> Task directions: Restate word for word the lines below that run from the one holding "How to identify" through the one holding "Philibertia parviflora ᱥᱟᱠᱟᱢ", inclusive. Pictures don't belong in the copy.

> Material for this task:
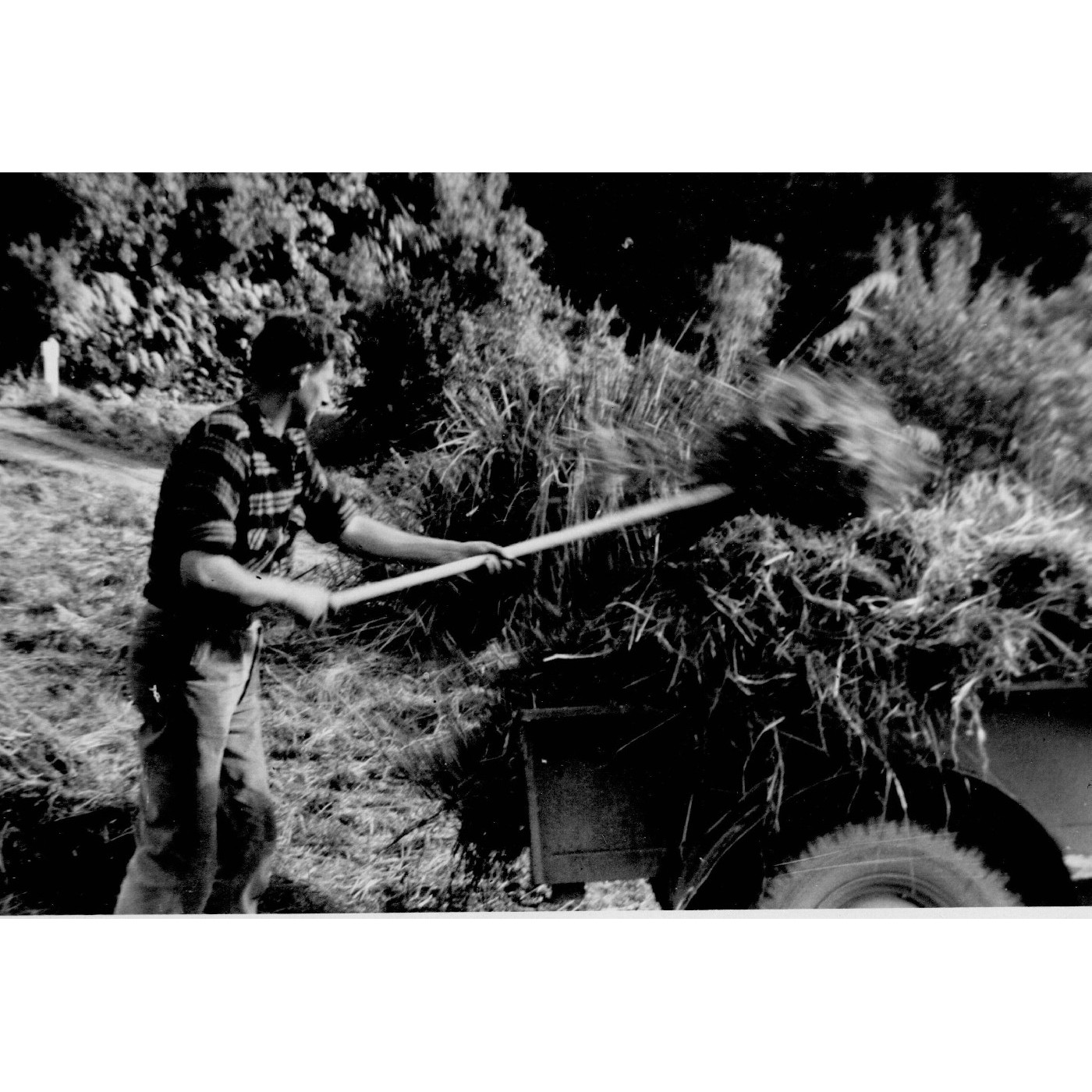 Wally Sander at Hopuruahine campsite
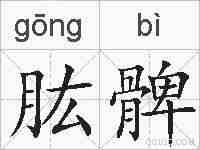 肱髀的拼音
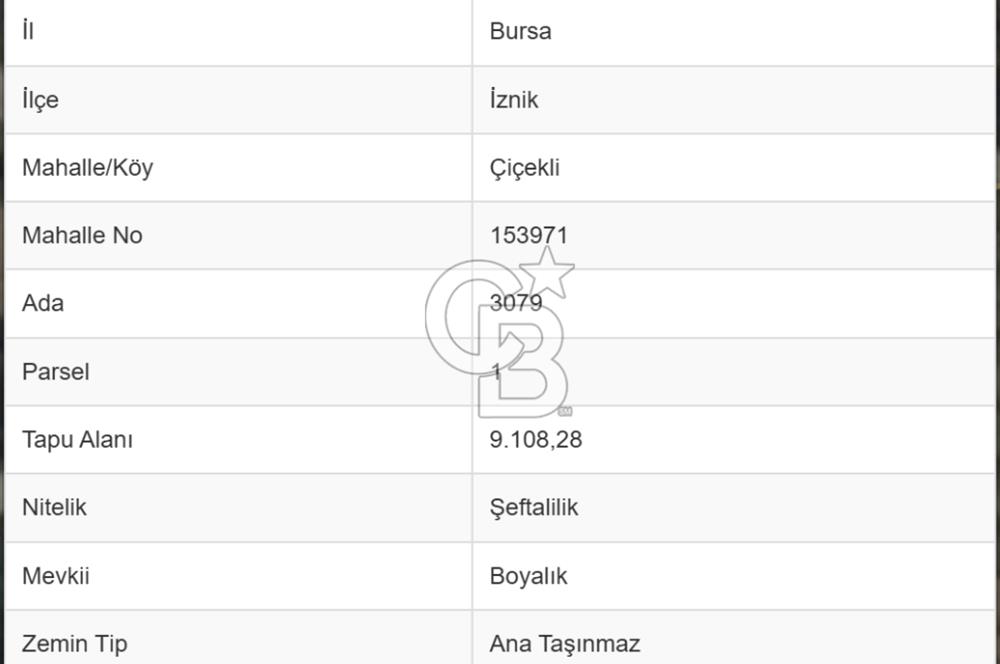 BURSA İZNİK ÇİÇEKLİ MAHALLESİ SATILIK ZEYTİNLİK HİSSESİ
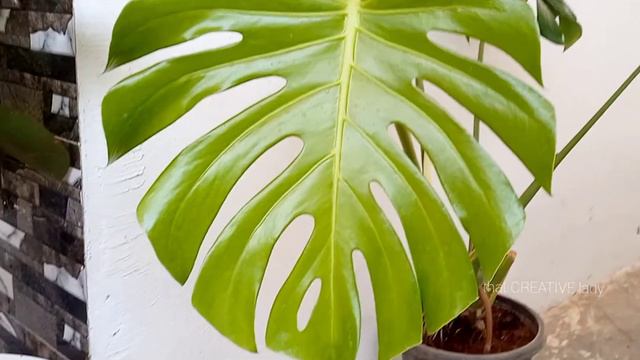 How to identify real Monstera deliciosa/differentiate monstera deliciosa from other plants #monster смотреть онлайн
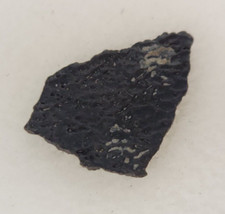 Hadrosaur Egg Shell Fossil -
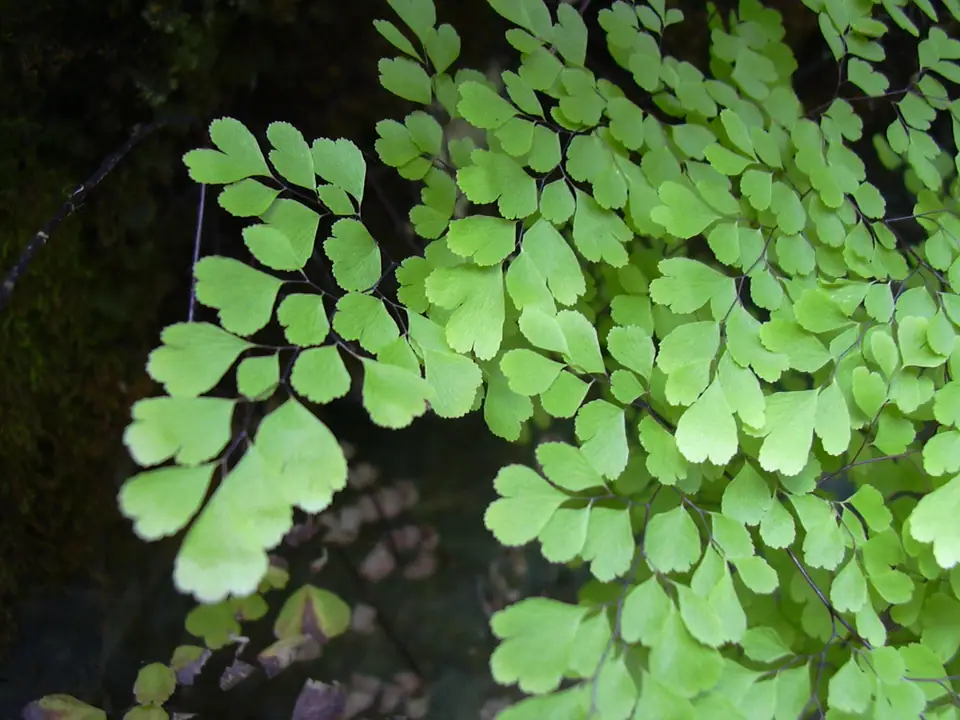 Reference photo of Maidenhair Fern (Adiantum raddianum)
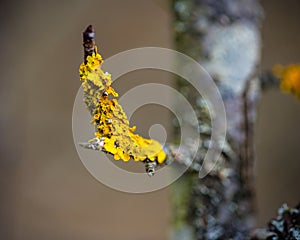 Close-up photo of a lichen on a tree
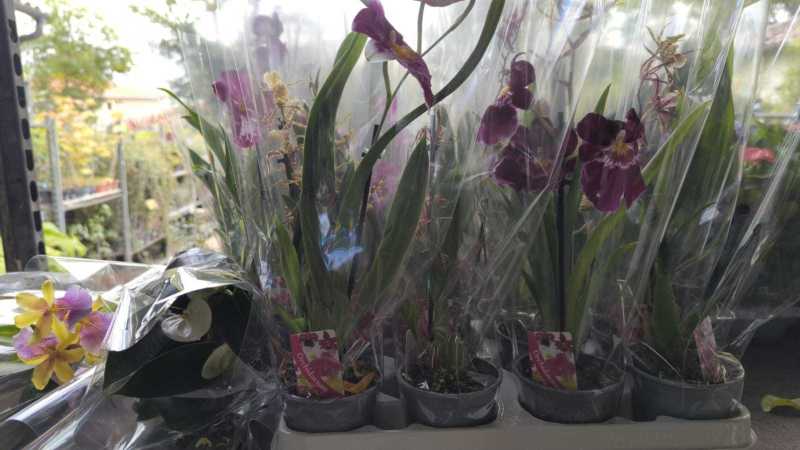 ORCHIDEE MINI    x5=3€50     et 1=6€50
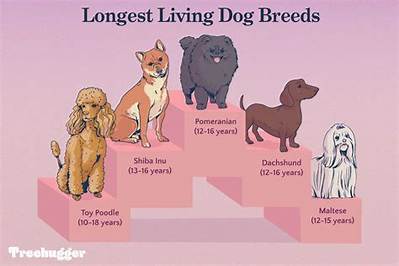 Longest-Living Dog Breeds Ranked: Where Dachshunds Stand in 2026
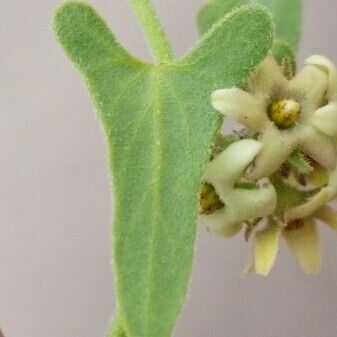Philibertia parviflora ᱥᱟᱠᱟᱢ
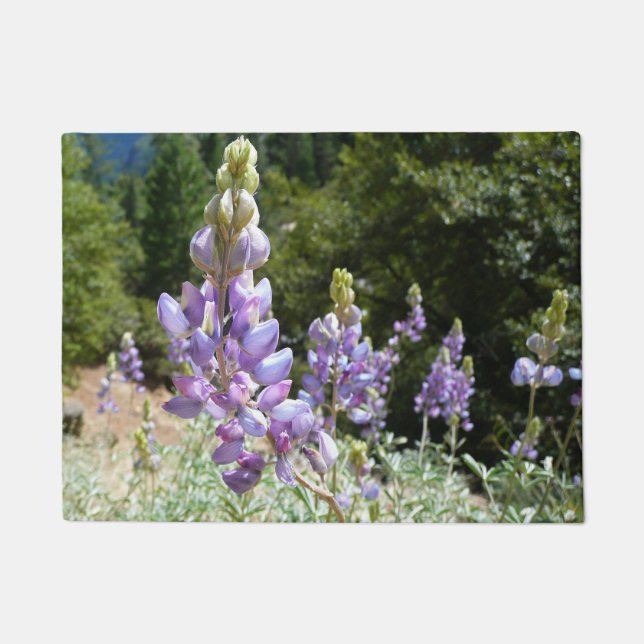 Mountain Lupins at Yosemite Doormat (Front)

---

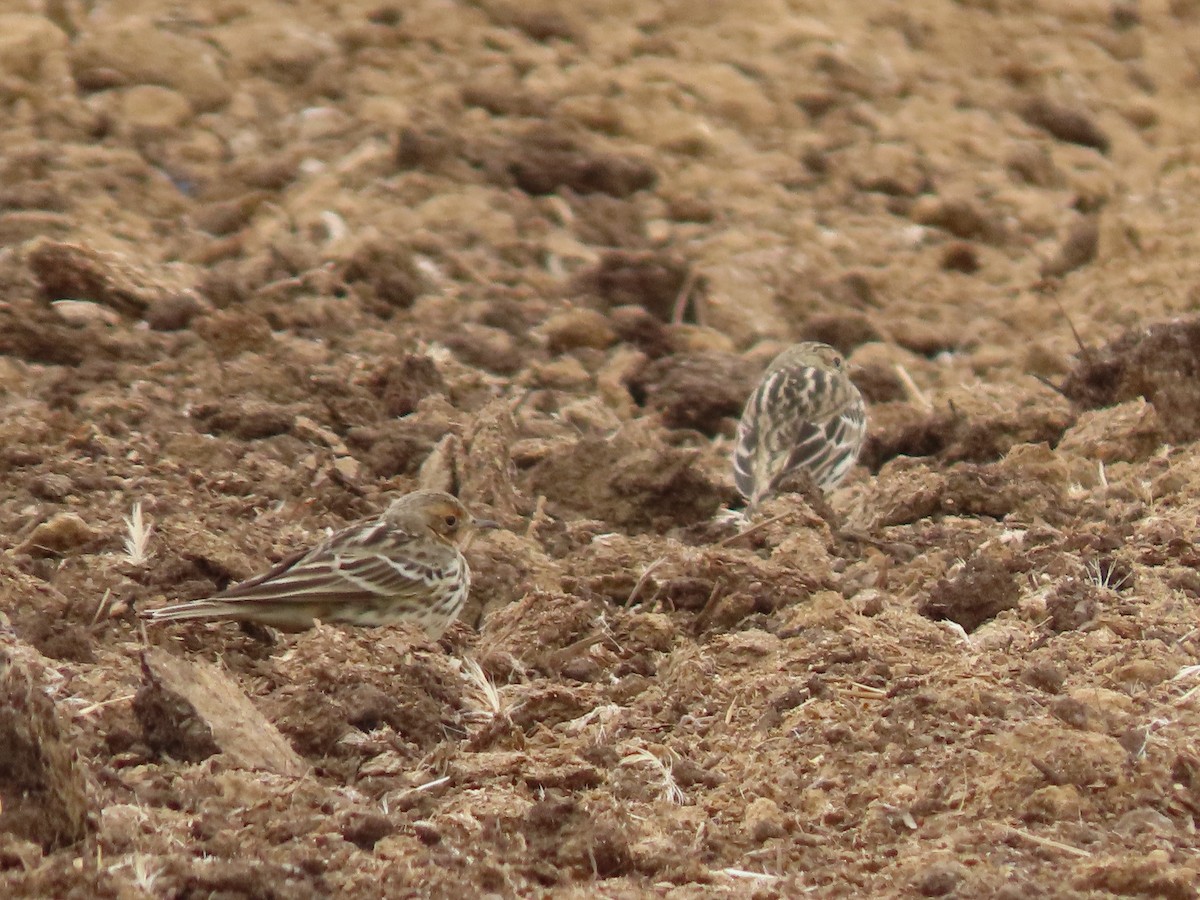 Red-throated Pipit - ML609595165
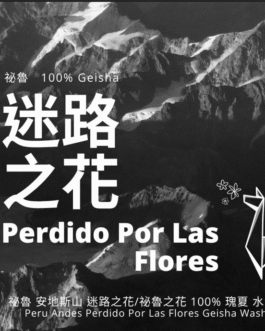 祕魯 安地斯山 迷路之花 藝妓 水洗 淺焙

* * *

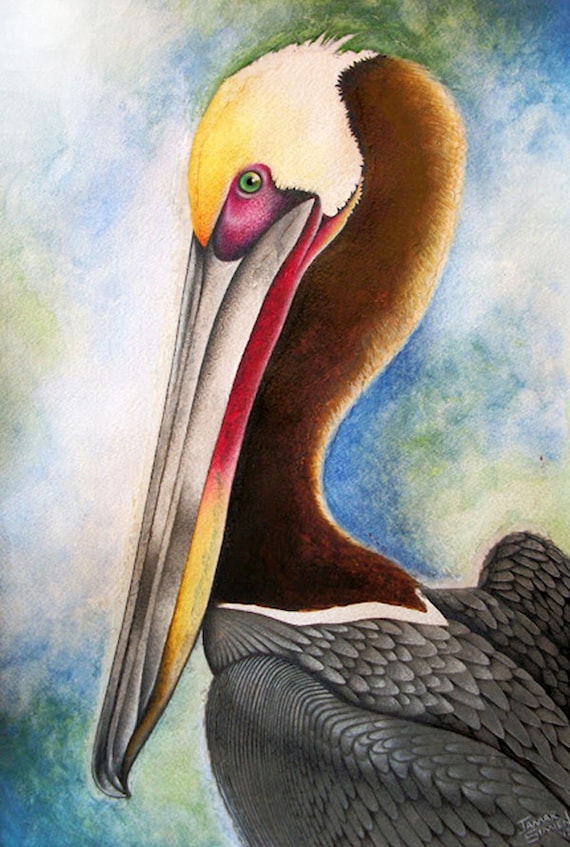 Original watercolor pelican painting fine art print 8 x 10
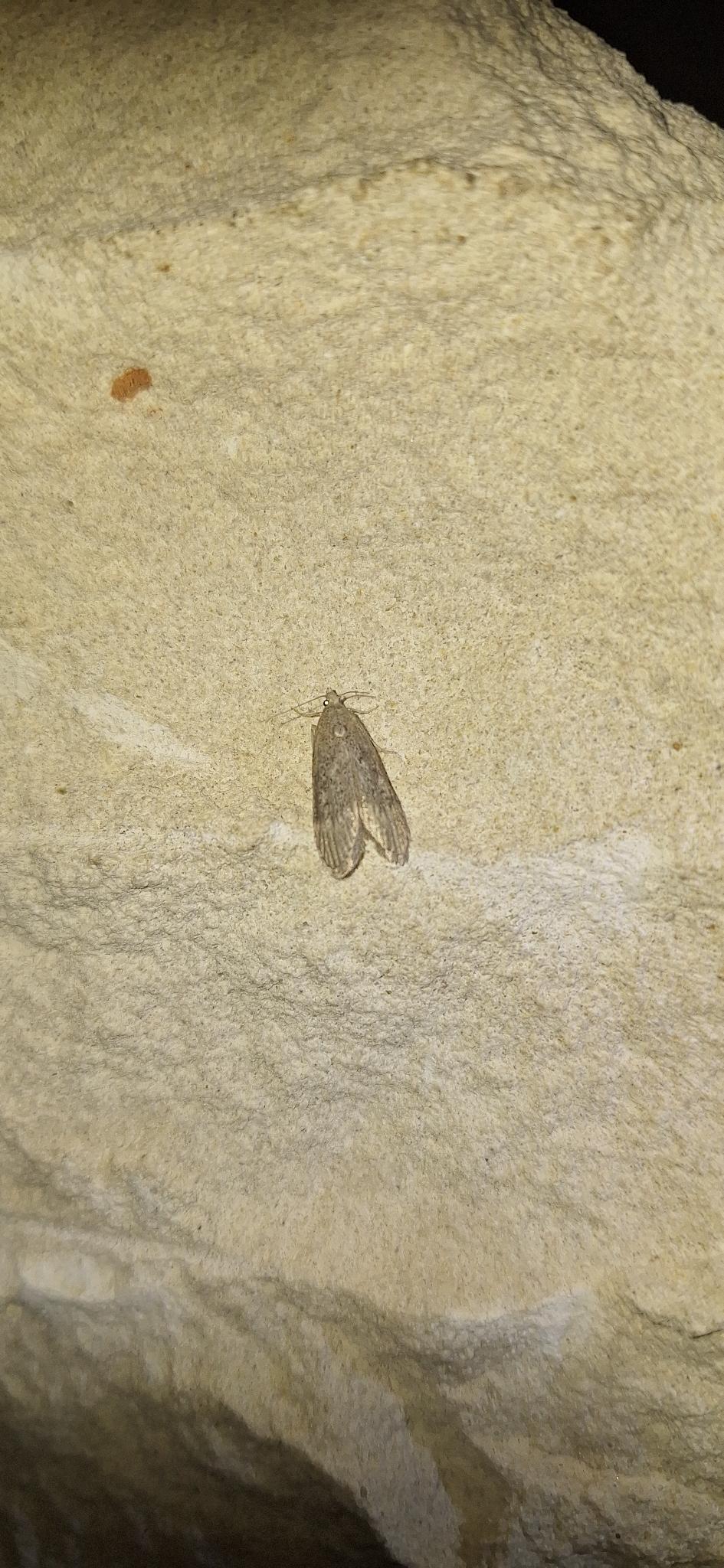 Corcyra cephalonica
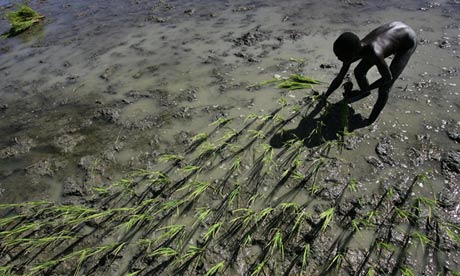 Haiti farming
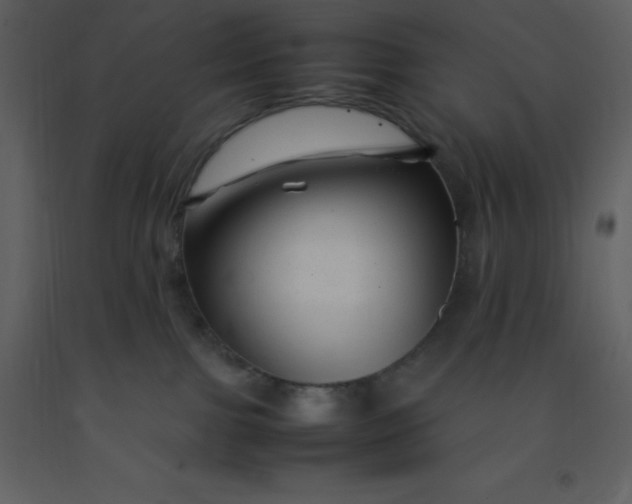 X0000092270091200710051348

> Answer to the exercise:
 How to identify real Monstera deliciosa/differentiate monstera deliciosa from other plants #monster смотреть онлайн
 Hadrosaur Egg Shell Fossil -
 Reference photo of Maidenhair Fern (Adiantum raddianum)
 Close-up photo of a lichen on a tree
 ORCHIDEE MINI    x5=3€50     et 1=6€50
 Longest-Living Dog Breeds Ranked: Where Dachshunds Stand in 2026
Philibertia parviflora ᱥᱟᱠᱟᱢ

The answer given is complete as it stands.